Extracted data entries
=-=-=
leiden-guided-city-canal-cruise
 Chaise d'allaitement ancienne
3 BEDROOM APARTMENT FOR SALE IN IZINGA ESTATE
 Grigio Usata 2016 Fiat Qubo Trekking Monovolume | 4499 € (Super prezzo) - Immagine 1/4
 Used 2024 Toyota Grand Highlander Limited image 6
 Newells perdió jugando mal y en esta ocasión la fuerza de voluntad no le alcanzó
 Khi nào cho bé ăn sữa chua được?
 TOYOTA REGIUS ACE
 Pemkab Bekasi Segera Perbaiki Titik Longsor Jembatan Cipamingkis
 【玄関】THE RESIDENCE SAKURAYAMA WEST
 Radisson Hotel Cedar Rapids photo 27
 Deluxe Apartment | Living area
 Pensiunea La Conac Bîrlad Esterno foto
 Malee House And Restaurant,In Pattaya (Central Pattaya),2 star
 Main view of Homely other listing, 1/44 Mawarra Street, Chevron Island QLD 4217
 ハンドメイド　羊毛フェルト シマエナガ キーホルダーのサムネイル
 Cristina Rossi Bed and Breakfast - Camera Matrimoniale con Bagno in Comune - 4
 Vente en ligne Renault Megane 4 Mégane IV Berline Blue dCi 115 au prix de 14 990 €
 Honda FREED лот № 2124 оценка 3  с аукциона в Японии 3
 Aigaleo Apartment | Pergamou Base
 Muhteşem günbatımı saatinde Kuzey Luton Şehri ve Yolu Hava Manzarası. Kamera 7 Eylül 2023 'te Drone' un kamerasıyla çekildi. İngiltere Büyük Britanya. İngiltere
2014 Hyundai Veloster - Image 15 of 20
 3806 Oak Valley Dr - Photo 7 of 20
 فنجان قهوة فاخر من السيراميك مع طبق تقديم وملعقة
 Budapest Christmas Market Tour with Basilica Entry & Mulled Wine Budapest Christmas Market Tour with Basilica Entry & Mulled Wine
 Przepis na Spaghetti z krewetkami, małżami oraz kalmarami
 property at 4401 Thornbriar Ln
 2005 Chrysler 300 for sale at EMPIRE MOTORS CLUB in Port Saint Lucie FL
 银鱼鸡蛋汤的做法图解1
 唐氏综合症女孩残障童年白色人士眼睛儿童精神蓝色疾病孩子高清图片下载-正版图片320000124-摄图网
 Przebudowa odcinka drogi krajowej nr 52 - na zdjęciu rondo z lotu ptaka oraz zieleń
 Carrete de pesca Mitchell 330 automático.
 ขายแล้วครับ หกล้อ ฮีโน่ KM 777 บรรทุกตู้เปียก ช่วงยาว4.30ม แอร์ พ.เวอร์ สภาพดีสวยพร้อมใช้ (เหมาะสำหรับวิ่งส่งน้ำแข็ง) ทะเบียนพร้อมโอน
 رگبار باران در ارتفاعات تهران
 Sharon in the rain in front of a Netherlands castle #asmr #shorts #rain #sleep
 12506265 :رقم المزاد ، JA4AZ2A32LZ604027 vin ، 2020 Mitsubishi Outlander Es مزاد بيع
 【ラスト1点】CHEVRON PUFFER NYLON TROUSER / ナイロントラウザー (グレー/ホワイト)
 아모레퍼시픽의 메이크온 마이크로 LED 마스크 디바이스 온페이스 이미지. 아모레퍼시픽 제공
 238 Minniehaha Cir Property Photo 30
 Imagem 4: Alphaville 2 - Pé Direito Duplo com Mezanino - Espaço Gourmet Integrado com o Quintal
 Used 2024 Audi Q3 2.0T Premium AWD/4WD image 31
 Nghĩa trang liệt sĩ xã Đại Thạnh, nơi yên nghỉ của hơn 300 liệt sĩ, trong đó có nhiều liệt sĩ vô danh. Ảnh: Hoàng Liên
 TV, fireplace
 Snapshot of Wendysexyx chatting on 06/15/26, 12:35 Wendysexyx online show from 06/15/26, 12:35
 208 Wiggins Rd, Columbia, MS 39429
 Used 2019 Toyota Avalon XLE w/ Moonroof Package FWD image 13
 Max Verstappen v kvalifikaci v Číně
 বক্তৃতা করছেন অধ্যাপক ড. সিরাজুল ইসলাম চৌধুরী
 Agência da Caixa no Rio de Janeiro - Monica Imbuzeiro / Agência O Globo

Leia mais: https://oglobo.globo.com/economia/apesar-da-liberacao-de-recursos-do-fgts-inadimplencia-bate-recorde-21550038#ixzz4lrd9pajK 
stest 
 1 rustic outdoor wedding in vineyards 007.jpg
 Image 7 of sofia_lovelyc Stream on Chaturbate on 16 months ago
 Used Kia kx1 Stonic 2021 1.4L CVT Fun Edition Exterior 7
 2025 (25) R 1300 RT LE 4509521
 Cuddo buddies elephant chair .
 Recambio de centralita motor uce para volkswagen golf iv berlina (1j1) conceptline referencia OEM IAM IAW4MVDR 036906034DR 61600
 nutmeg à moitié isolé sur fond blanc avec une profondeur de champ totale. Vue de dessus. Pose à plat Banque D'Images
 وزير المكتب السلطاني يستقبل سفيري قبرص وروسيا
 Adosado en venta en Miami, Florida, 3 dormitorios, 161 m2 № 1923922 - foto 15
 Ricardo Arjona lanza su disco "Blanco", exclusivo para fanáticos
=-=-=
- Task brief: Write out each line exactly, starting with the line that contains "nutmeg à moitié" and stopping after the last line of the data.

- Reply to the task:
 nutmeg à moitié isolé sur fond blanc avec une profondeur de champ totale. Vue de dessus. Pose à plat Banque D'Images
 وزير المكتب السلطاني يستقبل سفيري قبرص وروسيا
 Adosado en venta en Miami, Florida, 3 dormitorios, 161 m2 № 1923922 - foto 15
 Ricardo Arjona lanza su disco "Blanco", exclusivo para fanáticos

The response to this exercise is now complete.